Dr Dizdar said that he didn't want to stand there and tell people who the liars were, or how they should clean up their acts. Rather, he said, he was a liar, and along with everyone else was caught up in the "complex web of lies, injustice, resentment and inertia we call our 'culture' our 'society', what the Gospel of John calls the 'world'. But that did not mean that there was no hope. The people at the seminar were obviously there for a reason. That reason was to imitate someone else who had been honest, but it had cost him everything, including his life, but not his freedom.

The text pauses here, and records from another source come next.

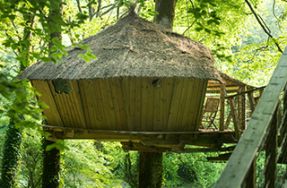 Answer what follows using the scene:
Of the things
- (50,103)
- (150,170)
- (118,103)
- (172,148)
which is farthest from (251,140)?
(150,170)

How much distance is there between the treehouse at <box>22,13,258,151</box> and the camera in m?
6.75

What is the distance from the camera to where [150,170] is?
8586 millimetres

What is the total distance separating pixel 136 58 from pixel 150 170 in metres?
2.81

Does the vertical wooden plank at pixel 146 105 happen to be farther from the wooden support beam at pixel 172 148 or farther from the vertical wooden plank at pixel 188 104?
the wooden support beam at pixel 172 148

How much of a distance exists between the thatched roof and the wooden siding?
0.30 metres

CEO of Football Australia, John O'Neill said that he thought 'honesty' or 'dishonesty' or lack of 'truthfulness' is worse now, then when he started his corporate life thirty-odd years ago. He said that it was probably easier to get away with a lot of things thirty years ago than it would be today. He also said that then there hadn't been the same level of scrutiny by the media or the ability to pass information around at such high speeds that exists today. At the same time he said the corporate bottom line meant, that particularly in the financial services field, there were a whole lot of smoke and mirrors people who went out of their way to tell half-truths in order to deceive the public. He felt a lot of this behaviour could be attributed to the level of remuneration paid to people who worked in financial services, which did not really reflect the importance of the work they did. He said that the CEOs of major banks did not have the same organisational or operational skills as a triage nurse at a major hospital.

Commissioner Robert Fitzgerald said that "success has replaced truth as a virtue, or put another way a that the pursuit of power and influence has replaced the quest for truth and honesty."

He said that in Australia as in many western countries, the public's regard for public, private and religious institutions has declined. This decline can in part be attributed to the rhetoric of honesty that surrounds the policies of these institutions or is stated in corporate mission statements, but which is not followed through in practice.

However, Commissioner Fitzgerald went on to point out that institutions, churches and governments are made up of people. He said, "Organisations act honestly or otherwise only because the people within them act that way. It is vitally important that we each accept a personal responsibility to an ethical way of life, one that is based on the virtues of honesty and that is about developing trustworthy relationships with others. Leaders of institutions have a particular responsibility to be people who are themselves ethical, honest and believe in truth as a guiding belief, for it is they who determine the actions and conduct of institutions."

Suganthi Singarayar is a journalist and an Uniya volunteer.